-G does not behave as expected, i.e. as -g for R2.

marcelm / cutadapt

Cutadapt removes adapter sequences from sequencing reads

https://cutadapt.readthedocs.io

MIT License

502 stars 125 forks source link

-G does not behave as expected, i.e. as -g for R2. #692

Open ryandward opened 1 year ago

ryandward commented 1 year ago

It doesn't seem that switching -g to -G, and also switching the order of the reads results in the same results.

❯ cutadapt \
  --action=none \
  -G ^file:adapter_file.fasta \ # <-- looking at read 2
  -j 12 --no-indels --error-rate=0 \
  -o demultiplexed_{name}_R1.fastq.gz \
  -p demultiplexed_{name}_R2.fastq.gz \
  read1.fastq.gz \
  read2.fastq.gz

This results in everything going to files with unknown in the variable portion of the name.

However, when I switch around -g to -G, and switch places of read1 and read2, adapter trimming works as expected.

❯ cutadapt \
  --action=none \
  -g ^file:adapter_file.fasta \ # <-- changed to lowercase, i.e. looking at read1
   -j 12 --no-indels --error-rate=0 \
  -o demultiplexed_{name}_R1.fastq.gz \
  -p demultiplexed_{name}_R2.fastq.gz \
  read2.fastq.gz \ # <-- switched order
  read1.fastq.gz

❯ conda --version conda 22.11.1 ❯ cutadapt --version 4.3

marcelm commented 1 year ago

This may be easy to overlook, but it is documented in the section about demultiplexing:

Paired-end demultiplexing always uses the adapter matches of the first read to decide where a read should be written. If adapters for read 2 are given (-A/-G), they are detected and removed as normal, but these matches do not influence where the read pair is written.

To demultiplex using a barcode that is located on read 2, you can “cheat” and swap the roles of R1 and R2 for both the input and output files

cutadapt -e 1 -g ^file:barcodes.fasta -o trimmed-{name}.2.fastq.gz -p trimmed-{name}.1.fastq.gz input.2.fastq.gz input.1.fastq.gz

If you do this in a script or pipeline, it may be a good idea to add a comment to clarify that this reversal of R1 and R2 is intended.

I wonder how to improve this. I think the first step is to print a warning when trying to demultiplex and no adapters were provided for R1.

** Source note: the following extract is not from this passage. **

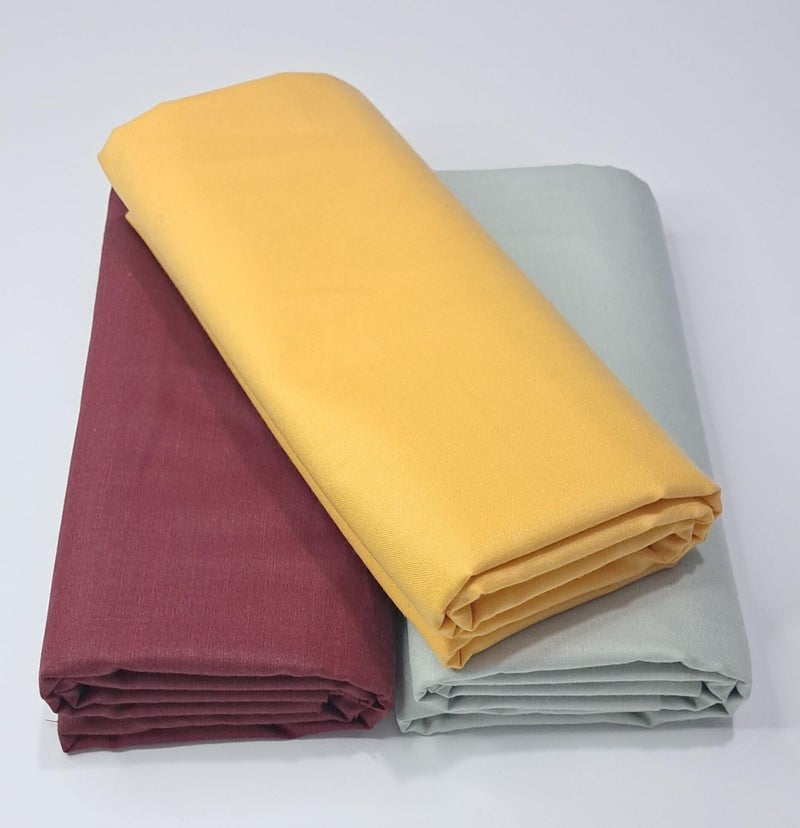 MAMRAJ Men's Solid Premium Unstitched Cotton Blend || 2.5M || Fabric For Shirt ( Formal, Casual Wear.) Set of 3 Shirt (Maroon - Light Pista -Yellow) - Image 5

ryandward commented 1 year ago

Thanks for the clarification. I finally did wind up cheating by swapping the reads, which is totally okay by the way. I think your proposal for a warning makes a lot of sense.

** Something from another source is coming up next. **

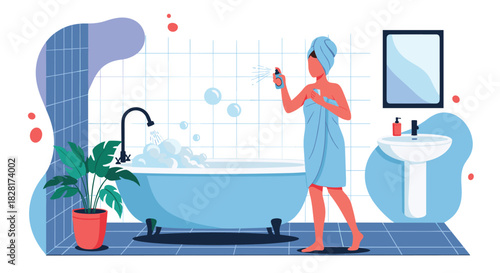 Woman wrapped in a towel after a bath applies spray deodorant in a modern and stylish bathroom with a tub and houseplant.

My script will then have to swap the reads back from [2,1] to [1,2] in a downstream process, but it's not at all broken.

Cheers.

marcelm commented 1 year ago

I’ll also see whether I can make it so that you can specify {name2} as a template variable. That would then explicitly declare that you want to use the matches on R2 for demultiplexing. Then no file swapping is necessary.